The psychotic episode that turned his entire world upside down struck with absolutely no warning, and it was more terrifying than anything he should have been able to imagine, leaving him with a complete, incredibly detailed set of false, nightmare “memories.” Not just of his own life, but of an entire, ghastly world in which Operation Oz had never happened. In which millions of helpless civilians had been systematically slaughtered in “extermination camps” that were horrific beyond belief. In which there was still a Soviet Union. In which the Chinese Communists had succeeded, the Korean Peninsula had been permanently divided, thousands of nuclear warheads had spread their deadly threat across the entire Earth, and the Middle East was a festering sore of bloodshed, fanaticism, and terrorism.

But what if the false memories aren’t false after all, and that other world is just as real as the one Schröder has always known?

A Chain Across the Dawn (The Universe After #2)—Drew Williams (May 7, Tor Books)

It’s been three years since Esa left her backwater planet to join the ranks of the Justified. Together, she and fellow agent Jane Kamali have been traveling across the known universe, searching for children who share Esa’s supernatural gifts.
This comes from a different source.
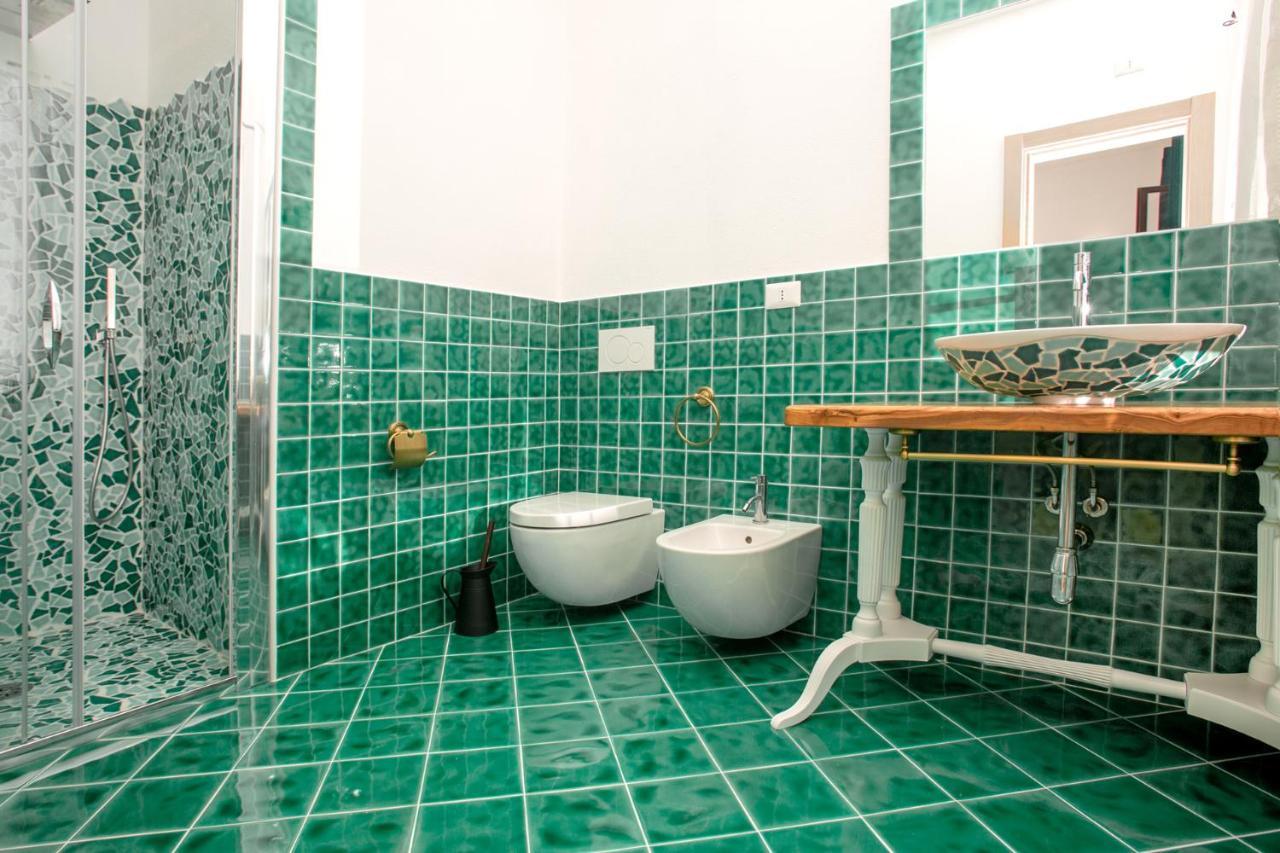 ホテル Vincent House サンタ・テレーザ・ガッルーラ エクステリア 写真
On a visit to a particularly remote planet, they learn that they’re not the only ones searching for gifted children. They find themselves on the tail of a mysterious being with impossible powers who will stop at nothing to get his hands on the very children that Esa and Jane are trying to save.
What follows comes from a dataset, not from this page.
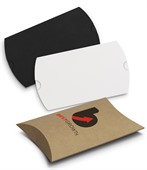 Small Pillow Box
With their latest recruit in tow—a young Wulf boy named Sho—Esa and Jane must track their strange foe across the galaxy in search of answers. But the more they learn, the clearer it becomes—their enemy may be harder to defeat than they ever could have imagined.

 

WEEK TWO

The Exalting (Divinity War #1)—Dan Allen (May 15, Future House Publishing)

On Xahna, the eighth world, cities create their own supreme beings. As the believer fleet flees toward the Xahna to escape total annihilation at the hands of the mega-corporation known as ASP, marine sniper Jet Naman prepares to make first contact. But the fate of Xahna’s greatest power rests in the hands of a seventeen-year-old girl. Young Dana of Norr has found the bloodstone that grants access to the will of all twenty thousand inhabitants of Shoul Falls via their shared symbiotes: the sayathi microbes. The bloodstone offers near limitless power for a druid adept like Dana who can sense and control animals as long as her will lasts. Hunted by extremists who have banned the blood-binding, and pursued by the brutal warlock adepts of the tyrant Vetas-ka, Dana must return the bloodstone to its origin before it falls into the wrong hands. But those hands may be hers. For with each new challenge, the temptation to use the forbidden power grows stronger. Either way, her world is about to change forever.

Pariah (Donovan #3)—W. Michael Gear (May 14, DAW)

Corporate assassin Tamarland Benteen’s last hope is the survey ship Vixen. With a load of scientists aboard under the supervision of Dr. Dortmund Weisbacher, Vixen is tasked with the first comprehensive survey of the newly discovered planet called Donovan.

But a space ship is already orbiting Donovan, and, impossibly, human settlements have been established on the planet. For Dortmund Weisbacher, this is a violation of the most basic conservation tenets. Donovan is an ecological disaster.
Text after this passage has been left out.